According to wikipedia article it is not mandatory to specify the surrogate keys for the hub/satellite or link. However, in the link it is mandatory to specify the surrogate keys for the hub it connects. If it is not mandatory to specify the surrogate keys in hubs, how will I enter them in the link table?
Surrogate keys vs business keys. Surrogate keys are needed to connect the structures. Business keys are used to uniquely identify an item. But we could do it also via surrogate key, couldn't we? What is the main difference between the business key and a surrogate key and why cannot I just use a surrogate key as a businees key or vice versa?
In later article they write:
Hub table – contains business key and retained key. The retained key is a key which is mapped to business key one-to-one. In comparison, the surrogate key includes time and there can be many surrogate keys corresponding to one business key. This explains the name of the key, it is retained with insertion of a new version of a row while surrogate key is increasing. Why we need the retained key? There can be many sources, so we cannot use business key as it may have different type or different number of attributes in different source systems.
Because of many resources, there might be different business keys for the same item. But this specific item will be uniquely identified by a retained key. Did I understand it right? So, that mean that a surrogate key maps to different business keys and not one-to-one.
Example. Lets say we have a hub "Employee" with two different business keys coming from two different departments. There is an employee A. From Accounting department employee A will have a business key AT654 and from Project department he will have a business key PR454. The hub will have them two entries for this employer:
RetainedKey BK TimeStamp Source
AAA111 AT654 24.03.2012 Accounting
AAA111 PR454 25.03.2012 Project
But how can I incorporate a surrogate key?
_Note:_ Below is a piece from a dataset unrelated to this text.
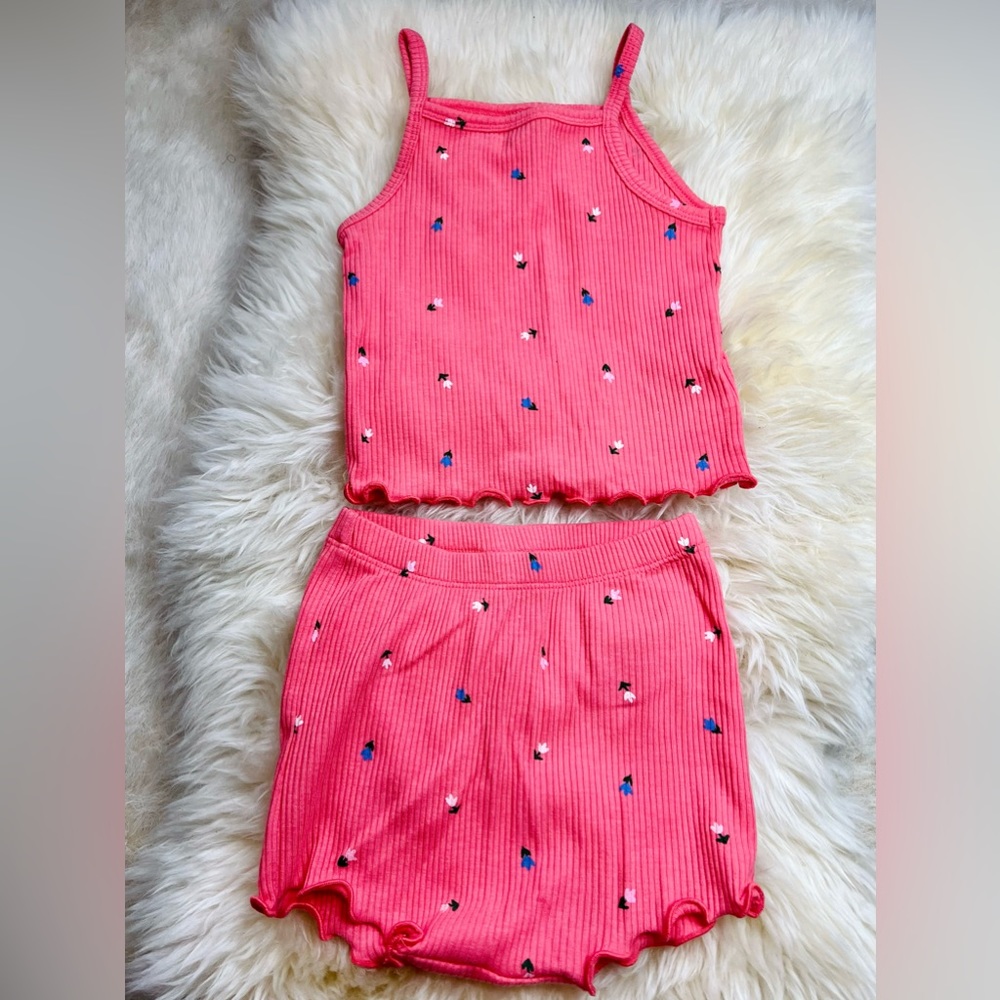 Brand New! Old Navy Girls pink tank set. Size 12-18 months.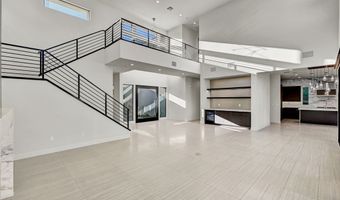 68 Grey Feather Dr, Las Vegas, NV 89135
Namely, in which situation it will be increased (as stated in "This explains the name of the key,it is retained with insertion of a new version of a row whilesurrogate key is increasing") ?
Could somebody give me an example (situation) of usage of retained keys, business keys and surrogate keys?
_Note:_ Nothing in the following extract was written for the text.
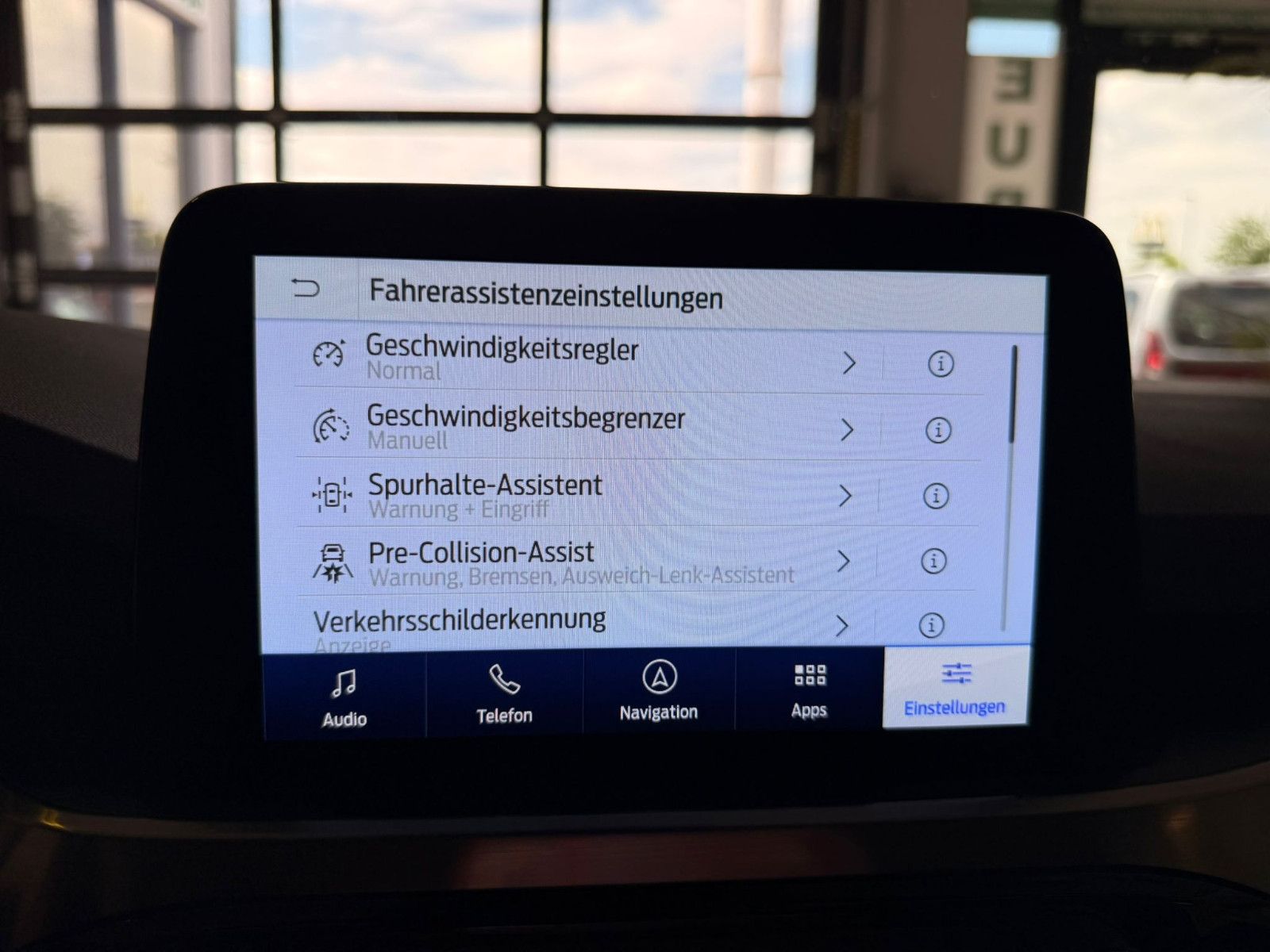 Fahrzeugabbildung Ford Kuga Titanium / NAVI / KAMERA / GEPFLEGT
There are three main terms in Data Vault 2.0:
If you need to describe the fact that you might have a business key which is different in several systems but means the same then one would use Same-As-Links tables for storage and lookup.
So to join your two systems you'll want to create a Same-As-Link structure, which would look like this:
Hash Key Accounting_Key Project_Key Timestamp
xyzabc... AT654 PR454 24.05.2012
Then this table can be used as a lookup table.